I sighed, knowing the truth was because I was always watching her myself. Always protective even when she didn’t need it. “He was acting possessive over you from the moment he met me. Like he thought I was a threat.” I looked at her. “The only reason he’d find me a threat was if he thought he had some sort of claim on you already, and I could tell you didn’t return his interests. So, that was the first red flag.” I shrugged. “Plus, he looks like a fucking worm.”

Penelope laughed, loudly. So loud that the rest of the room stood stared at the two of us. Her face brightened as she threw her head back. For someone who hated the spotlight, she sure knew how to pull a room to attention. I thought I noticed a small smile creep from the corner of Macie’s mouth. She said something loudly, pulling the attention back to her. It almost felt like she was trying to give Penelope and I privacy.

“Why are they still talking to him, then?”

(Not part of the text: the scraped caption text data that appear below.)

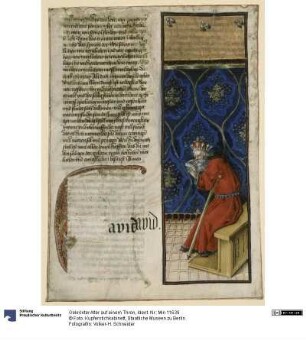 Gekrönter Alter auf einem Thron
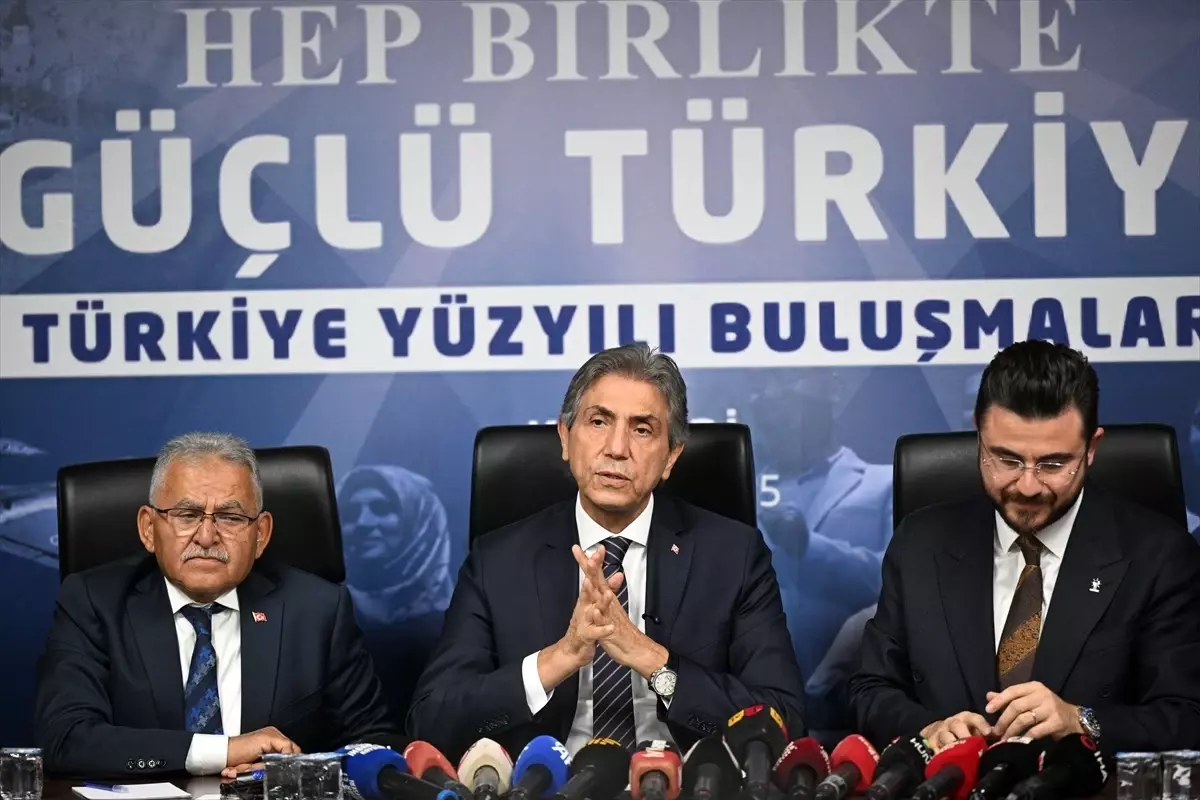 Mustafa Demir: CHP Siyaseti Aşağı Çekiyor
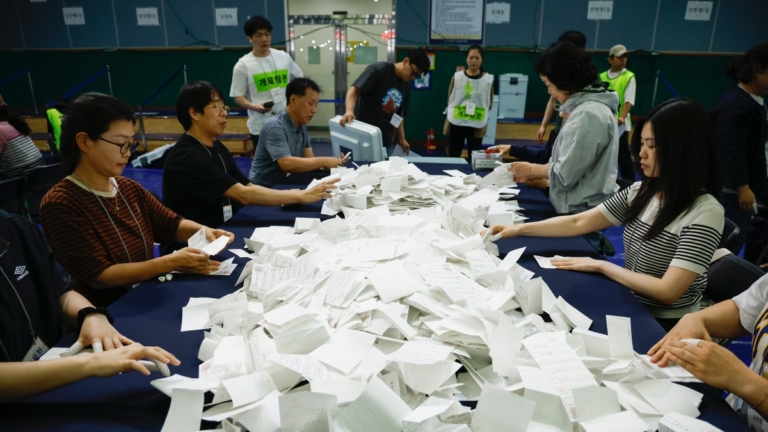 韓國投票率創歷史新高 韓國學者：有利於李在明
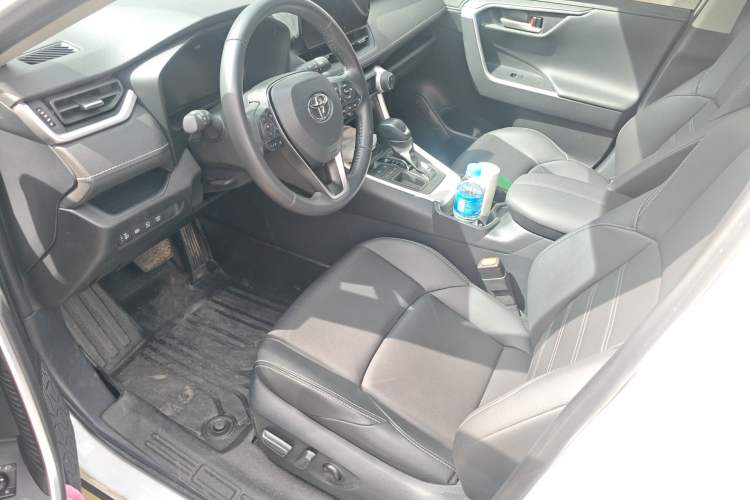 Used Toyota Wildlander 2023 2.0L CVT Two-Wheel Drive Luxury PLUS Edition Left Front Seat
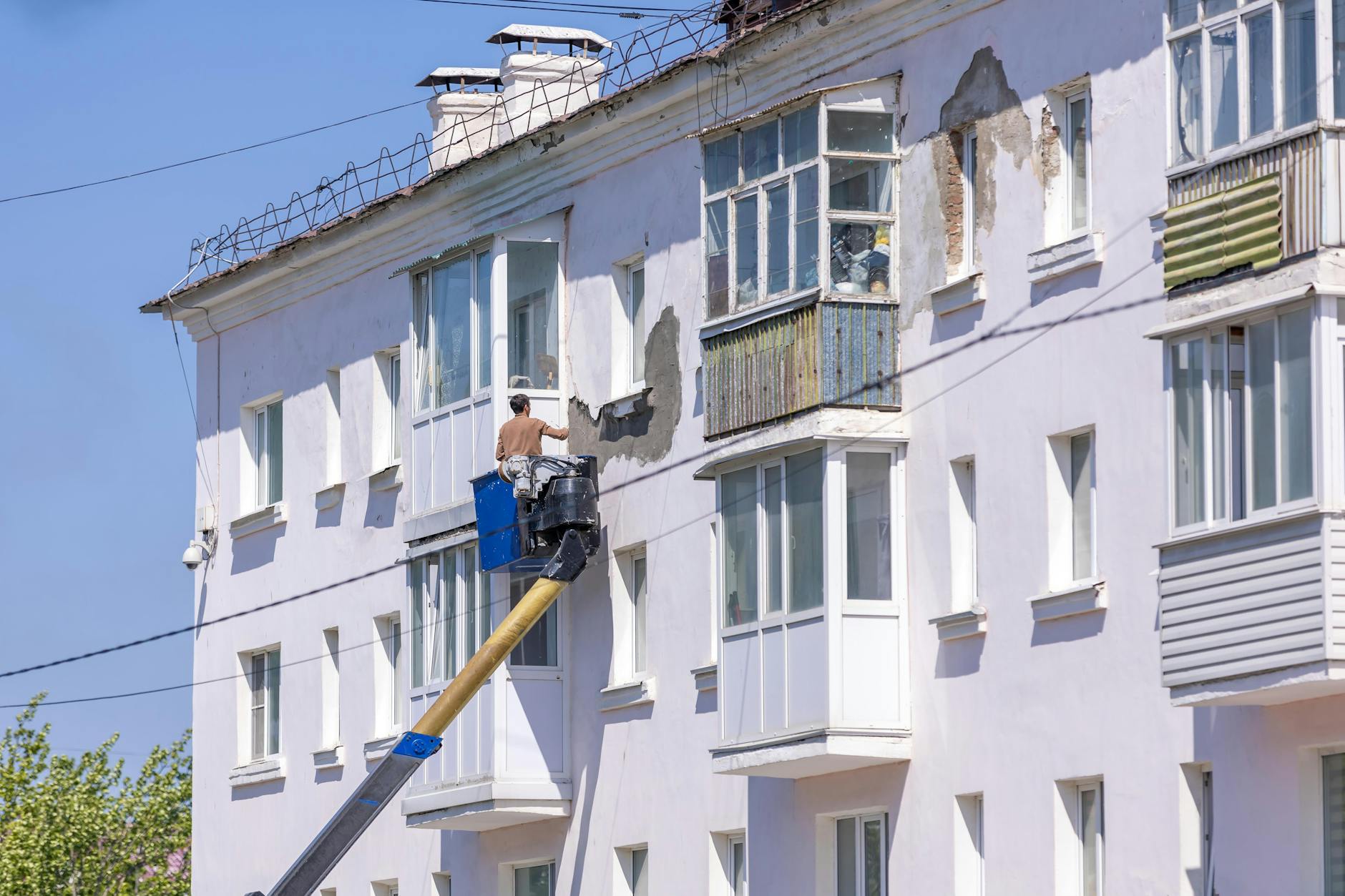 Training session for social housing residents in green construction skills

“Marshall and Jeremy are roommates,” she sighed. “But Macie hates him. She’s only tolerating him because we’re at work. She’s refusing to go to their house anymore and demanding Jeremy find a way out of their lease.” I nodded. She turned fully to her side, looking at the thermos in my hands. “Did you actually need coffee, or did you just come in here because you saw him follow me?” I felt my cheeks grow red and I stared down at my feet. When I didn’t respond, she looked at me. “Thanks.”

“Anytime–”

“Pep. You know that,” she finished for me, a soft smile on her lips.

We both chuckled before The Worm broke the laughter. “Penelope?”

She grumbled, “Yeah?”

“I was just asking about trivia this week. You’re still going, right?”

Just then, the first bell rang, signaling that school was starting in ten minutes. “I can’t,” Penelope muttered, setting her mug in the sink.

“We can’t either,” Macie said. “Dinner with my parents, remember?” she asked Jeremy, nudging his ribs lightly. He nodded quickly as both stood up and gathered their things before heading off in the direction of their respective classrooms.

Penelope turned to follow them out, but before stepping away she whispered in my ear, “We’re definitely still going. You should come too.”

I filed out the door behind her, failing to hide the stupid grin that accented my features. The Worm sat in the same spot he’d been in since I walked in, staring at the doorway his friends left out of with an annoyed, if not concerned, look on his face.